Неудивительно, что эта афганская война была проиграна. Слоны застревали на горных тропах. Да и кто же идет в горы на слонах? Содержание этой армии требовало постоянных денежных вливаний. Падишах — вливал. Но требовалось менять структуру войска, об этом не позаботился. Армия Шах-Джахана могла успешно справляться с задачами только внутри Индии, за ее пределами эта видимость мощи оборачивалась злом. Так что при падишахе империя Великих Моголов стала, по сути, индийской империей, ничего кроме Индии она удержать не могла. Падишах в целом и ориентировался на земли Индии, недаром он приближал к себе раджпутов, пытался находить понимание в среде местной индийской знати.

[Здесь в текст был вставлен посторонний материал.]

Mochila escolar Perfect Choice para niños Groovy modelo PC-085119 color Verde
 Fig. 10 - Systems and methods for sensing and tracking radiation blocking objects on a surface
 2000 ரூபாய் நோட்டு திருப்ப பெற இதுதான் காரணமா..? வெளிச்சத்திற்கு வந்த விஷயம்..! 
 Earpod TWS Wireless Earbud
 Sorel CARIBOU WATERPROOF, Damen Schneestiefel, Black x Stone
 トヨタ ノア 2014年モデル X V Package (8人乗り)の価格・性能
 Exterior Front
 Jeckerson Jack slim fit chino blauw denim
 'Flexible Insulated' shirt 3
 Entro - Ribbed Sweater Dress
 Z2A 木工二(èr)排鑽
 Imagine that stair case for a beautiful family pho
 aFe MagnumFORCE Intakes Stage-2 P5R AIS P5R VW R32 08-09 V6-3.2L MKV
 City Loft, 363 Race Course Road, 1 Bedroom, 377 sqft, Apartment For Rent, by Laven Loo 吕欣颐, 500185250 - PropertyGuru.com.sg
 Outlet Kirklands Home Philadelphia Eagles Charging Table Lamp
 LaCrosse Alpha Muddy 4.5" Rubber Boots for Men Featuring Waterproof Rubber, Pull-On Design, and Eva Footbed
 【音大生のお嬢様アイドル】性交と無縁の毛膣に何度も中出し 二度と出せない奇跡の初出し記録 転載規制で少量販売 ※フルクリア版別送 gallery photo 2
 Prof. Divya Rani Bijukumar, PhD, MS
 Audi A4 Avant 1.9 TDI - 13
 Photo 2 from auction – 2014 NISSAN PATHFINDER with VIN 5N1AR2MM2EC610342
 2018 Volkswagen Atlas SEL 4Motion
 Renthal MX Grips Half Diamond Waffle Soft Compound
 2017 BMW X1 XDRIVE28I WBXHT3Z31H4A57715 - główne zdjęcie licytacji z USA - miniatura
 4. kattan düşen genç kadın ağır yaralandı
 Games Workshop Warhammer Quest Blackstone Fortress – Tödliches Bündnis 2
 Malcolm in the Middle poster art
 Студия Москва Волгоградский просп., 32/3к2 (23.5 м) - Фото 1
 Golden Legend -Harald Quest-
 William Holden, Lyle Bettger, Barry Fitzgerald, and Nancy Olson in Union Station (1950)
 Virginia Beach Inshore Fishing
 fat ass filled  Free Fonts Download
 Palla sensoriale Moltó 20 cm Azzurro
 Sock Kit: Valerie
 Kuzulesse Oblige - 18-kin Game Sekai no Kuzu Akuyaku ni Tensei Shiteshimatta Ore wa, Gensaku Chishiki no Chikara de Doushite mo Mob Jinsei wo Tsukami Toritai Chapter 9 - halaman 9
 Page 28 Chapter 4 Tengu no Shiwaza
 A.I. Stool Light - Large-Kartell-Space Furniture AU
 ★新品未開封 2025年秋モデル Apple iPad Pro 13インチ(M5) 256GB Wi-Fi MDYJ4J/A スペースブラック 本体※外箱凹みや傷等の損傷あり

Говорят, что он думал удачно слить в единую религию ислам и индуизм, но тут стоит внимательнее присмотреться не к словам, а к делам: при Джахане было разрушено несколько крупных индийских храмов. Вряд ли для слияния ислама с местной религией требовалось громить местные храмы. Шах-Джахан, прежде всего, был мусульманином, остальное — более для отвода глаз. Точнее, тенденции к сближению между верами исходили не от достаточно жесткого и прагматичного падишаха, а от его любимою сына Дара Шу-коха. Тот был настоящим мистиком, ему нравилась религия индусов, он поклонялся индийским святым, сам писал суфийские трактаты, вот он-то мечтал о соединении ислама и индуизма в общую веру, дабы общество более не разделялось по религиозному признаку. Отец не мешал ему жить в иллюзорном мире, он знал, что наступит час, когда Дара Шукох займет его место. В то же время после смерти любимой жены сын — единственное, что у него от нее осталось. Память. В этом плане Джахан был сентиментален. Но сам он не видел, наверно, в индийской вере ничего хорошего. Свои мавзолеи и мечети он строил по проверенному исламскому образцу — огромными, просторными, богато изукрашенными. По легенде, после завершения строительства Тадж-Махала этот гуманист приказал отрубить руки создавшему мавзолей архитектору — дабы тот более ничего не мог построить. Простым строителям он к их радости ничего не отрубил и даже не убил, но на падишахских стройках века люди и так умирали от плохих условий и голода.
Сочетание невероятной роскоши и столь же невероятной нищеты — вот знаковая отметина этого правления.
Но бедой Шах-Джахана стали даже не внутренние сложности империи, не ее продырявленная экономика, а дети, сыновья. Они активно стремились занять место отца. В сентябре 1656 года падишах внезапно и тяжело заболел. Дети засуетились.
«Дара, старший из сыновей, — пишут историки, — занимал положение, почти равное положению правителя, поскольку отец избрал его своим наследником. Шах Джахан очень любил его, и, видимо, поэтому Дара совсем не приобрел опыта в делах войны и управления. Шуджа, второй сын Шах Джахана, ленивый по природе, мог иногда проявить большую энергию, но не был способен на длительные усилия. Третий сын, Аурангзеб, был наиболее приспособленным из братьев в этой их борьбе за существование. Хладнокровный, расчетливый, опытный, умеющий вести интриги, он считался среди придворных наиболее сильным из сыновей Шах Джахана и наиболее вероятным победителем в борьбе. Пылкий, ищущий удовольствий, неумный Мурад, самый младший из братьев. Безрассудная храбрость Мурада оказалась бессильной перед хитросплетениями Аурангзеба».
Эта борьба между детьми не прекратилась и тогда, когда «умирающий» так же внезапно оправился от болезни. В это самое время в Бенгалию, где находился тогда Шуджа, было отправлено ложное сообщение о смерти отца. Наверно, не стоит даже задумываться, кто был инициатором — несомненно, Аурангзеб, использовавший уловку, чтобы «выманить» своего алчущего власти братца. Шуджа на уловку попался: он тут же короновался и принял титул падишаха. С войсками он двинулся на Агру. Но радость была преждевременной: навстречу ему пошло войско Дара Шукоха. Старший сын разбил братца, однако тут против него, наследника, пошли двое других — наместник Гуджарата Мурад и наместник Декана Аурангзеб. Из всех четверых только он был хорошим полководцем и не менее талантливым интриганом.